## [Try it]
The reply should be a single number: the count of lines below that contain the word "with".

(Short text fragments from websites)
= Beginning of Section =
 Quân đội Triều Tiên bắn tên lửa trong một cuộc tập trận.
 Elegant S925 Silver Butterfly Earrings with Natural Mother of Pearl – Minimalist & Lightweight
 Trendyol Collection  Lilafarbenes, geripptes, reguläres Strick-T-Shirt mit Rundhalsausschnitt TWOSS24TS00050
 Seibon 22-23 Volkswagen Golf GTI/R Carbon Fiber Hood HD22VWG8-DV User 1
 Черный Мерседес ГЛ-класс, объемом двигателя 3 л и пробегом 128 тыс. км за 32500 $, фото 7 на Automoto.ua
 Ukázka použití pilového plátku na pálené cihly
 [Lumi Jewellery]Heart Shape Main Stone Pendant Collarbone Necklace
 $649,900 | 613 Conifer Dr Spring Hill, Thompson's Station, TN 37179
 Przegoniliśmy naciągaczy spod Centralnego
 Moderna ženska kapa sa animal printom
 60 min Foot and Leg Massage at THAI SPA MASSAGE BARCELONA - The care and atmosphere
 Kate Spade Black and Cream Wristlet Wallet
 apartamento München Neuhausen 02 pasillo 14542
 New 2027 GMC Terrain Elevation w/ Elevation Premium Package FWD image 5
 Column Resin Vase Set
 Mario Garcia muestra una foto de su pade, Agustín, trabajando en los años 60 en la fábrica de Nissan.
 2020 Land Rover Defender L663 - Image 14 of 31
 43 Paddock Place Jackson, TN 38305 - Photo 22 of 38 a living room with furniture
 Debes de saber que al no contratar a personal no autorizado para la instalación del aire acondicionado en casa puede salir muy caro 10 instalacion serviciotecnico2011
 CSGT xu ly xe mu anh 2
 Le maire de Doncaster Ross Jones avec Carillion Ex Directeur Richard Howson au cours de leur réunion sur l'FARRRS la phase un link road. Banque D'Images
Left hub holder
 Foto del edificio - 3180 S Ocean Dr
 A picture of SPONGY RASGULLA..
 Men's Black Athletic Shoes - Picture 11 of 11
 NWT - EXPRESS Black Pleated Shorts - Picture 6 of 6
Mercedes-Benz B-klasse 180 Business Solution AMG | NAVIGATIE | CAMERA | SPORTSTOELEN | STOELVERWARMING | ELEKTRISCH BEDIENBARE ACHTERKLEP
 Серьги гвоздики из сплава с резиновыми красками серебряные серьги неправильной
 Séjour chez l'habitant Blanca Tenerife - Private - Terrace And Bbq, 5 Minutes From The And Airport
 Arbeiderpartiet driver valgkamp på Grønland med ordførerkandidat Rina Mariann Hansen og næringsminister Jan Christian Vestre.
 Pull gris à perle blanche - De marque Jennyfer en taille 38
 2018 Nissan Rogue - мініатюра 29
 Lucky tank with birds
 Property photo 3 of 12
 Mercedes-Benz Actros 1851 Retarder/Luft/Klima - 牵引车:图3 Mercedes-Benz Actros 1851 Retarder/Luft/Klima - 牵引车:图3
= End of Section =
## [Solution to this exercise]
3